__Dataset records__.
*-*-*

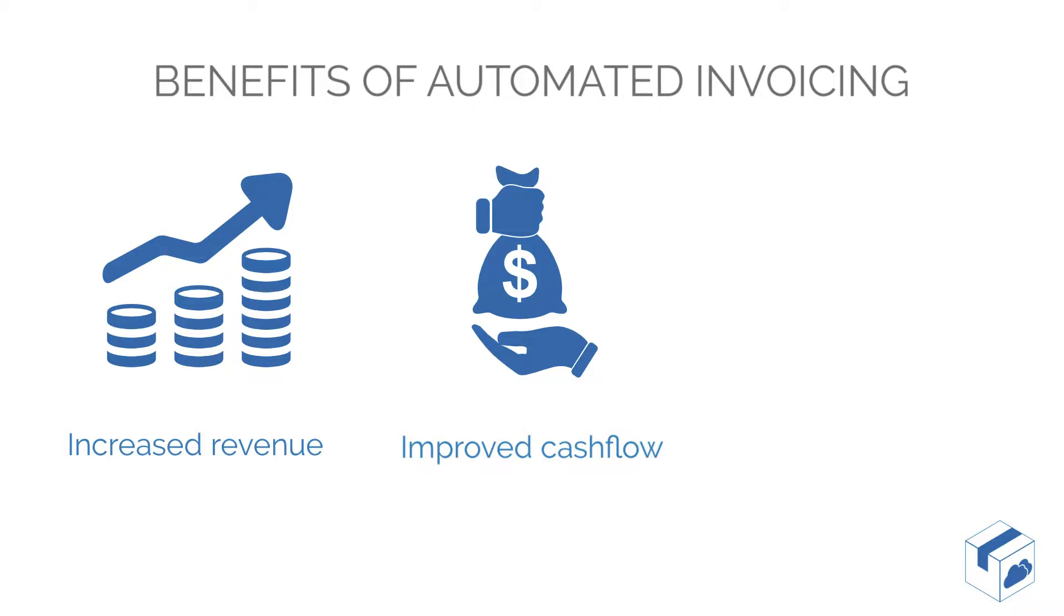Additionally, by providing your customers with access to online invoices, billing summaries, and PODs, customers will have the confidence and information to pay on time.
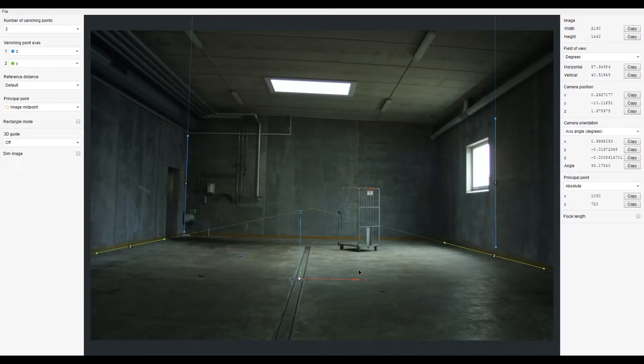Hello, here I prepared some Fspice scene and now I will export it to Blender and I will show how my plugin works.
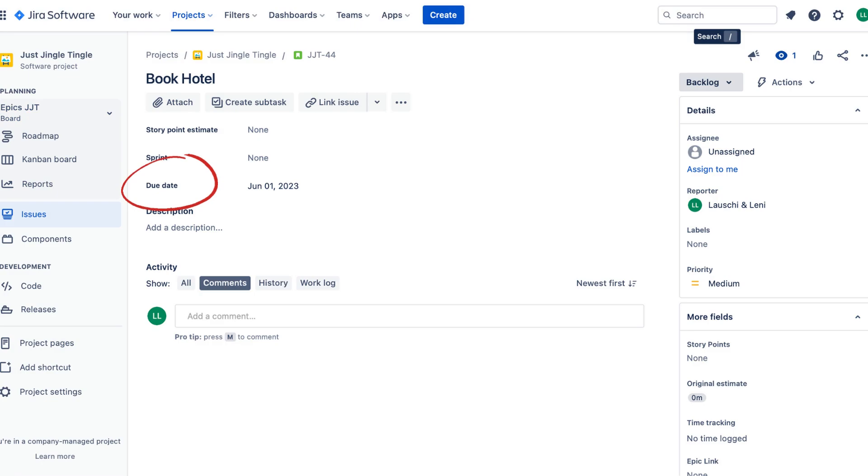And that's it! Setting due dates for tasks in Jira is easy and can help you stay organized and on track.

*-*-*

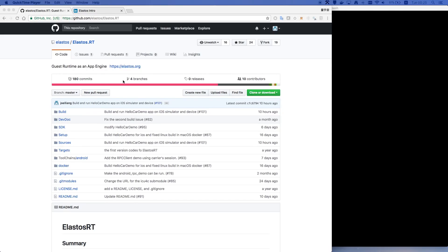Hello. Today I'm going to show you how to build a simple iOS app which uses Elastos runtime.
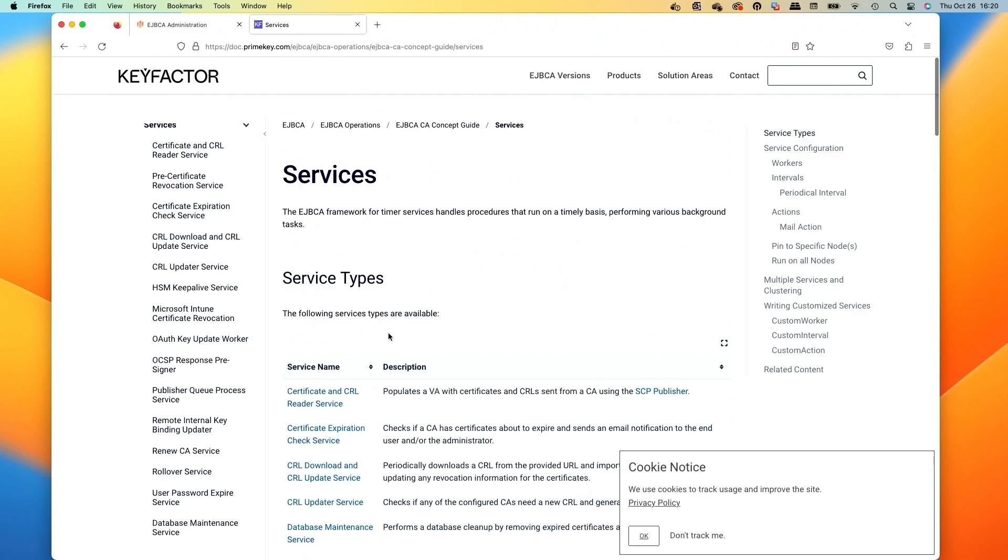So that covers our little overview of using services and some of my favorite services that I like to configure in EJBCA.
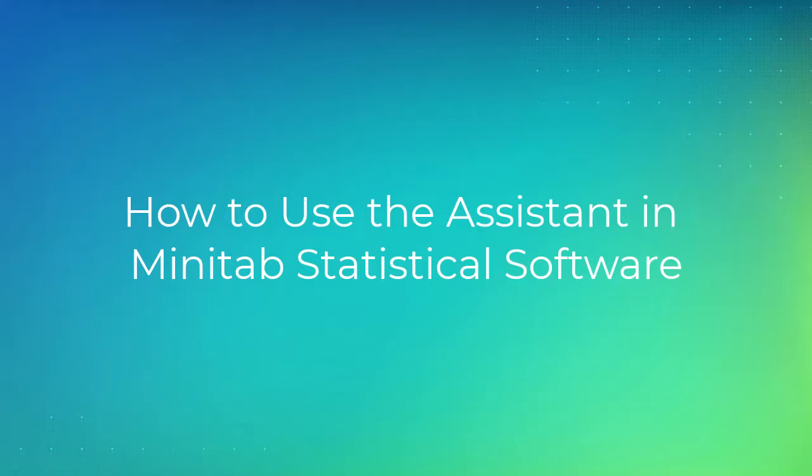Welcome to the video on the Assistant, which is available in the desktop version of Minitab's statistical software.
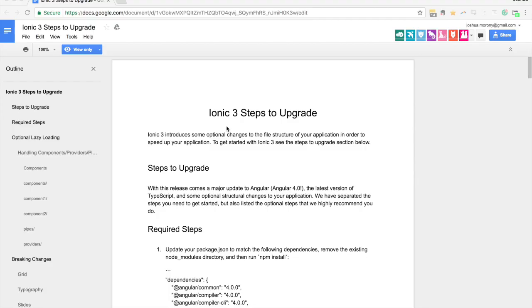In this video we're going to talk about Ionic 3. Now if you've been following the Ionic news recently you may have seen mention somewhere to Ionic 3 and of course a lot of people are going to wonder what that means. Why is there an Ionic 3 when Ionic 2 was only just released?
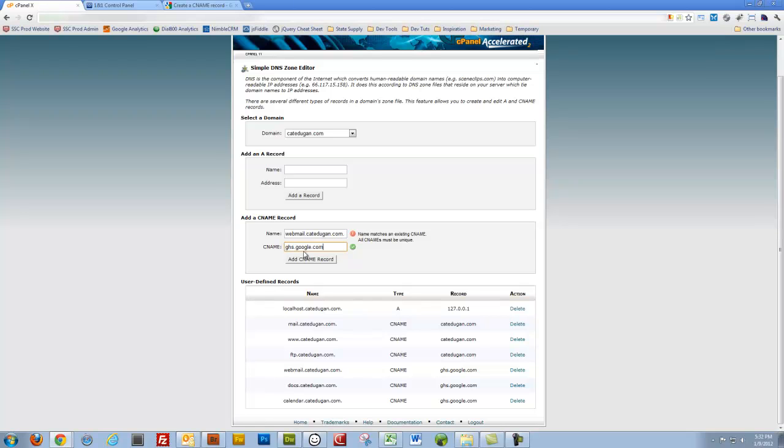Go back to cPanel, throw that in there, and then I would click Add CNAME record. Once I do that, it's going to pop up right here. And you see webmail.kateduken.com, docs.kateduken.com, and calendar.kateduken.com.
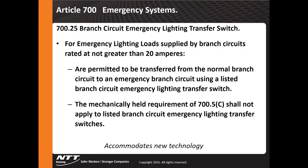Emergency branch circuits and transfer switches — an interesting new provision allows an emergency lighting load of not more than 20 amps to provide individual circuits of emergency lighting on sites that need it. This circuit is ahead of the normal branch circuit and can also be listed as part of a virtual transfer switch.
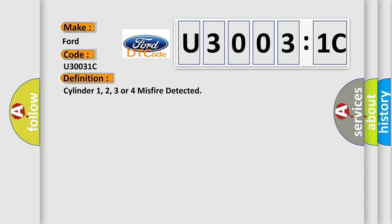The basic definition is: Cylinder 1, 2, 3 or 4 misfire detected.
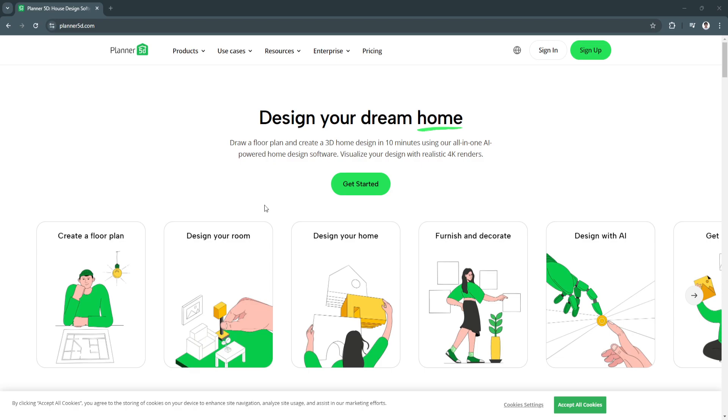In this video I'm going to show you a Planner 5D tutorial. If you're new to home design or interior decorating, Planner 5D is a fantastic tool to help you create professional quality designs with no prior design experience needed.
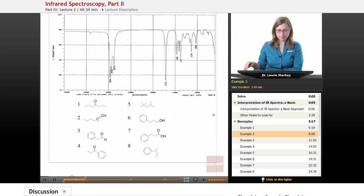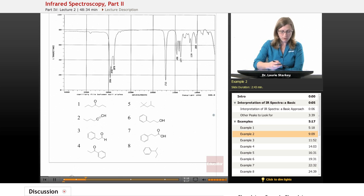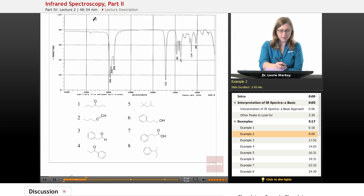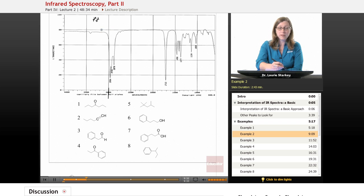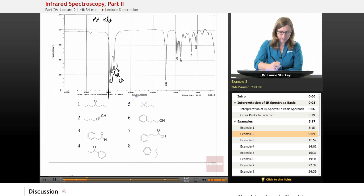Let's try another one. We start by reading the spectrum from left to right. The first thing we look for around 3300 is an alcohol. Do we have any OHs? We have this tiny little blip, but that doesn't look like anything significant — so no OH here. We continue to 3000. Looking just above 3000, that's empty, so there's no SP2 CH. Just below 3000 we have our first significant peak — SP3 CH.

*-*-*

__Instructions to follow__. Output exactly, and only, the lines of the entries above from the one with "Hello, here I" up to and including the one with "And that's it!"; pictures are to be left out.

__Reply to the exercise__.
Hello, here I prepared some Fspice scene and now I will export it to Blender and I will show how my plugin works.
And that's it! Setting due dates for tasks in Jira is easy and can help you stay organized and on track.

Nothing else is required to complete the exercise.